[Excerpts from a dataset]
________________________

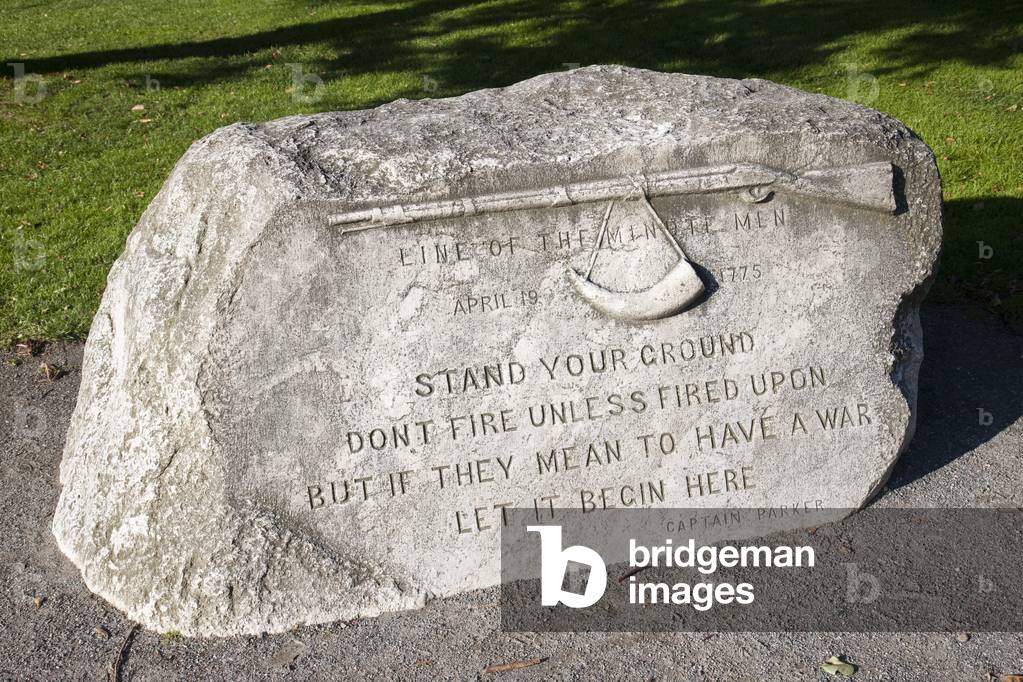 Commemorative stone on The Battle Green in Lexington, Boston, USA(photo)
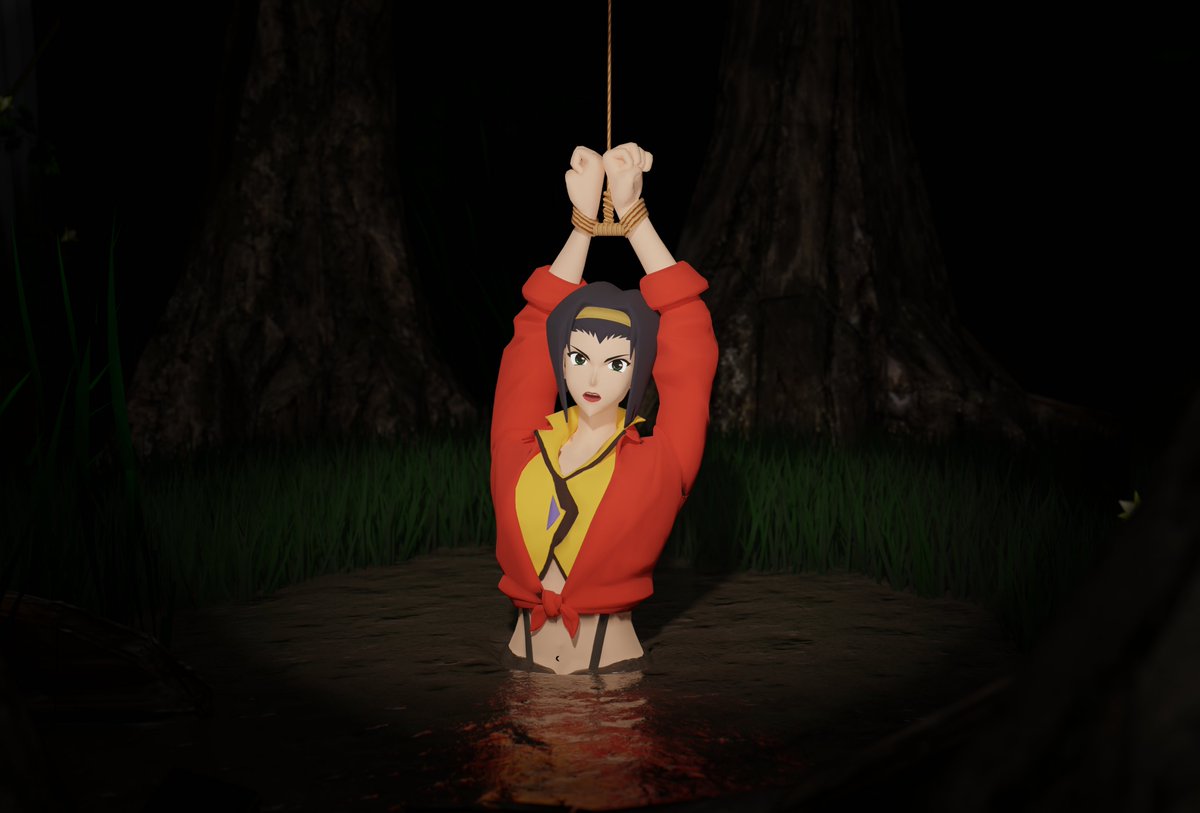 "Valentine's Deadline"

Faye lived by two rules: pay on time, and never let a debt collector see you sweat.
Unfortunately, the collectors idea of compound interest was a rope and a bottomless quicksand pit~
#Quicksand #クイックサンド #底なし沼 #Fortnite 📷#Blender3d #CowboyBebop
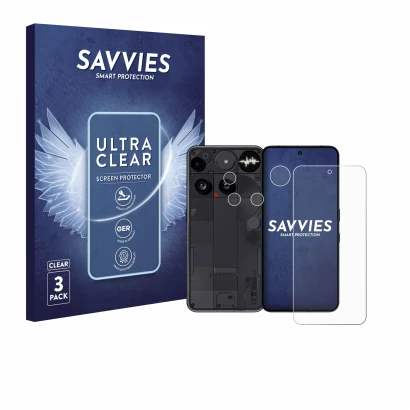 Vorderseite einer Produktverpackung mit dem Markenlogo Savvies. Daneben ist das Gerät Nothing Phone (3) (Display+Kamera) mit d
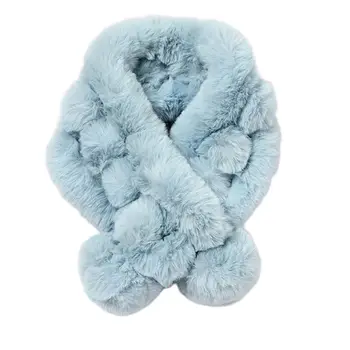 

Women Winter Thicken Plush Ball Faux Rabbit Fur Scarf Collar Shawl Neck Wraps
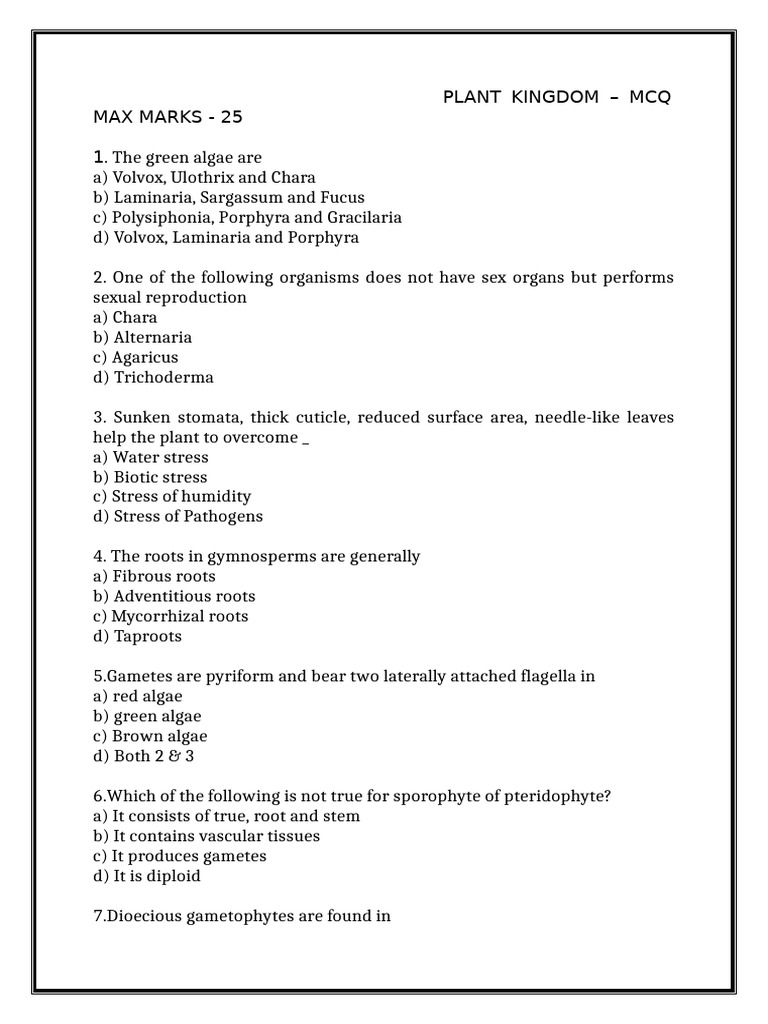 Plant Kingdom MCQ Quiz with Answers | PDF | Plant Reproduction | Biology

________________________

* _YOUR TASK_
Output only the lines from the one that contains "Vorderseite einer Produktverpackung" to the end of the entries above, both end lines included, and drop the pictures.

* _EXERCISE OUTPUT_
 Vorderseite einer Produktverpackung mit dem Markenlogo Savvies. Daneben ist das Gerät Nothing Phone (3) (Display+Kamera) mit d

Women Winter Thicken Plush Ball Faux Rabbit Fur Scarf Collar Shawl Neck Wraps
 Plant Kingdom MCQ Quiz with Answers | PDF | Plant Reproduction | Biology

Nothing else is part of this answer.